- Directed by: Hassan Fathi
- Written by: Hassan Fathi Farhad Tohidi
- Produced by: Mehran Broumand hasan alizade
- Starring: Parsa Pirouzfar; Shahab Hosseini; Hesam Manzour; Hande Erçel; Selma Ergeç; Burak Tozkoparan; Boran Kuzum; Bensu Soral; İbrahim Çelikkol; Halit Ergenç; Mustafa Omari;
- Cinematography: Morteza Poursamadi
- Edited by: Ceyda Karagül Dilber Koyuncu
- Music by: Fahir Atakoğlu
- Production companies: Dijital Danatlar Simarya Film Production
- Distributed by: Filmiran (Iran)
- Release dates: 24 April 2024 (Iran); 17 October 2025 (Worldwide);
- Running time: 105 minutes
- Countries: Iran Turkey
- Languages: Persian Turkish
- Box office: 120,000,000,000 tomans (Iran) 2,400,000 dollar

= Intoxicated by Love =

Iranian-Turkish film

Intoxicated by Love (مست عشق, romanized: Mast-e Eshgh, Mevlana Mest-i Aşk) is a 2024 Iranian-Turkish historical drama romance film written and directed by Hassan Fathi, produced by Mehran Boroumand and Hassan Alizadeh, and Maysam Nourani is the executive producer.. It revolves around two Persian poets Rumi and Shams Tabrizi, played by Parsa Pirouzfar and Shahab Hosseini. The film is a co-production of Iran and Turkey, made by Dijital Danatlar and Simarya Film Production.
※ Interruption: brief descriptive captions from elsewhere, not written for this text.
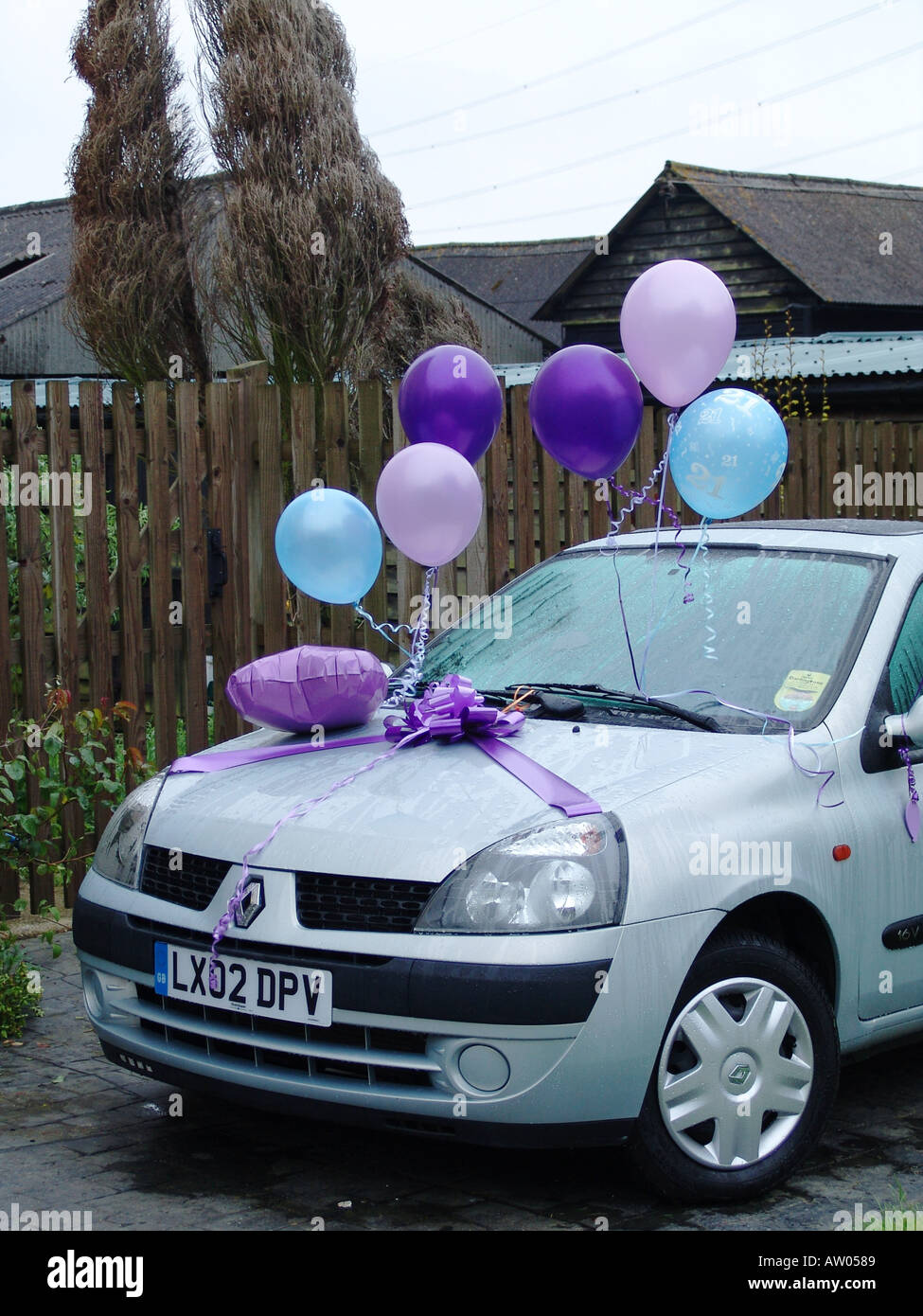 Weißes Renault Clio Auto mit lila und blauen Ballons und Schleife als Geburtstagsgeschenk, Großbritannien Stockfoto
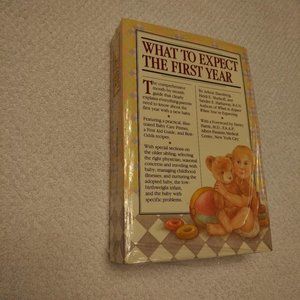 NEW "WHAT TO EXPECT THE FIRST YEAR" PAPERBACK BOOK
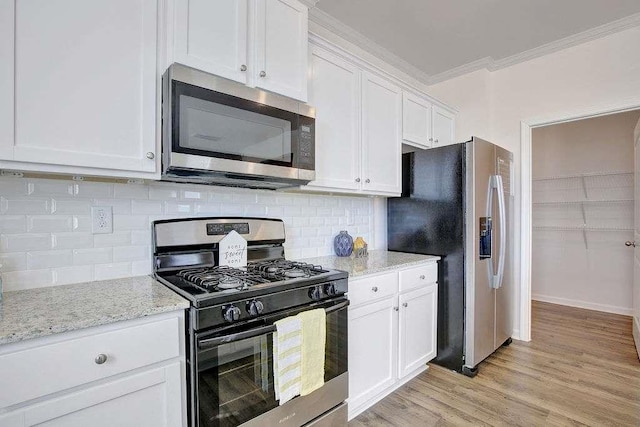 kitchen with light stone counters, stainless steel appliances, white cabinets, ornamental molding, and light wood finished floors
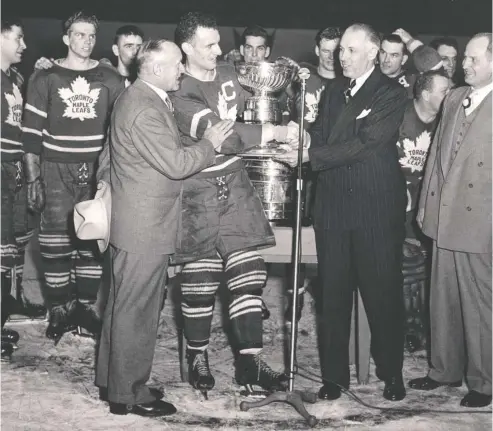  ?? POSTMEDIA NEWS FILES ?? In an earlier version of the Toronto Maple Leafs jersey, captain Ted Kennedy accepts the Stanley Cup from NHL president Clarence Campbell at
Maple Leaf Gardens on April 16, 1949. To the left of Kennedy is Leafs boss Conn Smythe, the man who introduced the team name and logo.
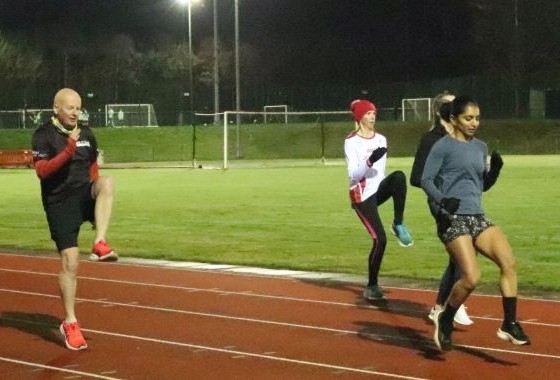 Runner performing high leg kicks or heel flicks during warm-up drills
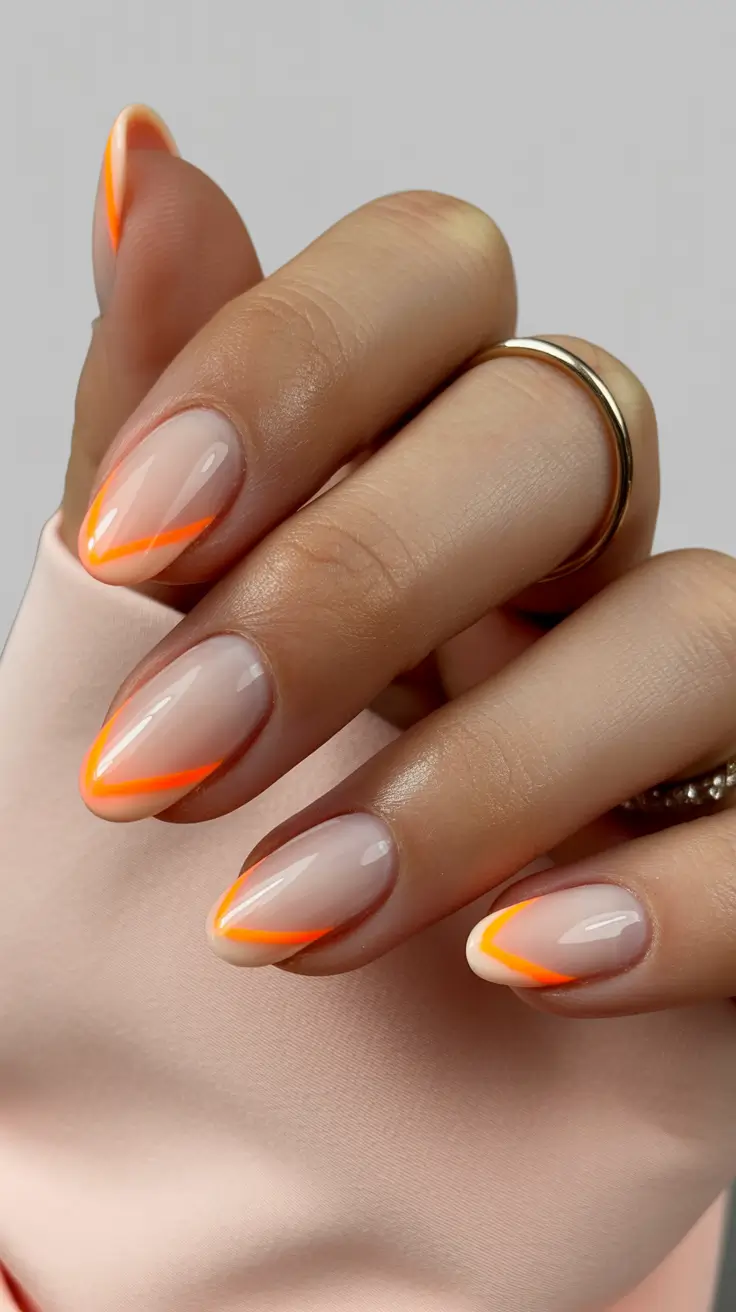 graduation nails ideas 2026 Minimal Neon Orange French for a Modern Graduation Twist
The film was released in Iran on April 24, 2024, and it instantly became one of the best-selling films in history of Iranian cinema. It is also the highest-selling non-comedy film. By June, 2024, more than one million and seven hundred thousand people have watched this movie in Iranian cinemas.

The worldwide release of the film began on October 17, 2025. In Turkey, where 250 theaters screened it, the film repeated its domestic box office success.

== Premise ==
The film is a take on the life and career of the 13th-century Persian poet Rumi, his relationship with Shams Tabrizi, the love he had for him, the great influence of Shams over Mawlana in his life and poetry, and his love for the God.

== Production ==
After 3 years of pre-production, on 24 September 2018, it was announced that a movie will be made about the life story of Rumi and Shams Tabrizi, directed by Hassan Fathi and produced by Mehran Broumand.

Fathi started shooting “Intoxicated by Love” in Konya in October of 2019. 2 days before the beginning of 2020, the first teaser of the film was released. With the arrival of COVID-19, the news cycle around the film went silent. About 6 months later, the crew announced that only a few sequences of the film were left and they were waiting for the reopening of the borders to continue filming (due to COVID).

In May 2021, a Persian-language satellite channel announced the broadcast of a Intoxicated by Love TV series in Turkey, which caused a temporary halt in the production of the film. The Turkish investor said that the editing and technical stages of the film had been completed and the contract for the broadcast of a series of the film was closed with this network, while the production of the film had not been completed yet. Fathi broke his silence and reacted sharply in a statement calling this news "regrettable".

Finally, with the legal follow-up carried out by the Iranian Ministry of Foreign Affairs, the 100% ownership of the film was given to the Iranian side and the film entered into its final phase of production.

Almost all of the filming was done in Konya, Turkey.

== Reception ==

=== Box office (Iran) ===
A day before the release, "Intoxicated by Love" sold over 1.5 billion Tomans with its pre-sells tickets, making it an imminent record-breaker in the history of Iranian cinema for the highest sells on the release day.

By attracting 51,000 audience, the movie sold 6 billion Tomans on the release day, breaking a historical record and surpassing even the most successful films in the comedy genre. Mohammadreza Saberi, the secretary and spokesperson of the country's cinematographers association, called the film's level of success "an important event for the Iranian cinema".

The film reached the 4th place in the total sales of 2024's Iranian cinema, with 10.7 billion tomans in the first 2 days of release. With 33 billion tomans at the box office in less than a week, the film became the highest-selling non-comedy film in history of Iranian cinema.

== Cast ==
- Parsa Pirouzfar as Mawlana
- Shahab Hosseini as Shams Tabrizi
- Hande Erçel as Kimia Khatoon
- Burak Tozkoparan as Sultan Walad
- Boran Kuzum as Ala ad-Din Muhammad II
- Hesam Manzour as Husam al-Din Chalabi
- Bensu Soral as Maryam
- Selma Ergeç as Kera Khatoon
- İbrahim Çelikkol as Eskandar
- Halit Ergenç as Baha al-Din Valad

== Music ==
Fahir Atakoğlu, the composer of works such as Omar and Magnificent Century, composed the film's music and Alireza Ghorbani performed the title music.